25 Juin 2011,
C'est difficile d'être loin de la maison... D'être loin des sentiers où chantent les grillons et les hirondelles. C'est difficile d'être loin de la maison... Et de ne pouvoir dire adieu à quelqu'un qui s'en va... Cette chronique rend hommage à mon sang mêlé de basque, à mon grand-père... A une ancienne chanson et un futur voyage...
Nous avons tous une chanson… Une mélodie qui nous définit et nous porte bien plus que n’importe quelle autre. Pour moi, c’est ce court poème, cet hymne de mon Pays… Quelques mots qui me poursuivent où que j’aille.
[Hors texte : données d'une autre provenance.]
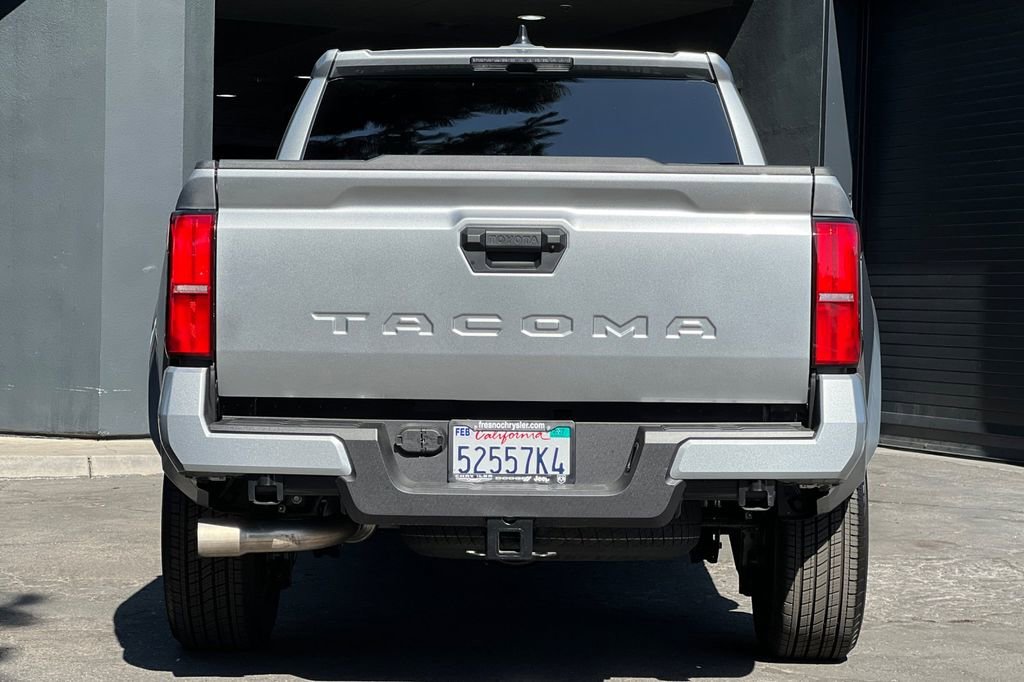 Used 2026 Toyota Tacoma TRD Sport RWD image 5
Si je lui avais coupé les ailes,
Il aurait été mien,
Il ne se serait pas enfui,
Mais alors,
Il n'aurait plus été l'oiseau,
Et moi,
C'est l'oiseau que j'aimais.
Hegoak (Txoria Txori) est une chanson basque qui (d’après la légende) aurait vu le jour sur une serviette en papier lors d’une fête dans une époque troublée : L’époque Franquiste coté espagnol et de l’interdiction de parler l’Euskara (la langue basque). Qui aurait cru que ce poème mis en musique en toute clandestinité deviendrait l’hymne de mon pays ?!
Chanson d’amour, d’espoir, de deuil ou de liberté… Nul ne sait vraiment quel sens lui donner. C’est sans doute pour cela que cet air si particulier accompagne souvent la vie de nos villages. Donnant à chaque instant une signification neuve et un regard insolite sur nous même.
Ne vous y trompez pas, sous ses airs mélancoliques, Hegoak est une chanson de fête. Une chanson qui dit "bienvenue" à un nouvel ami ou un nouveau né. Une chanson qui dit "bonne route" à des jeunes mariés ou des voyageurs. Une chanson qui dit "adieu" à ceux qui nous quittent et que l’on doit laisser partir.
Ne vous arrive t’il pas, parfois, de vous sentir loin de chez vous ? Loin de ce que vous rêviez d’être ? Ou tout simplement loin de vos racines ? Lorsque cela m’arrive, je fredonne secrètement cet air.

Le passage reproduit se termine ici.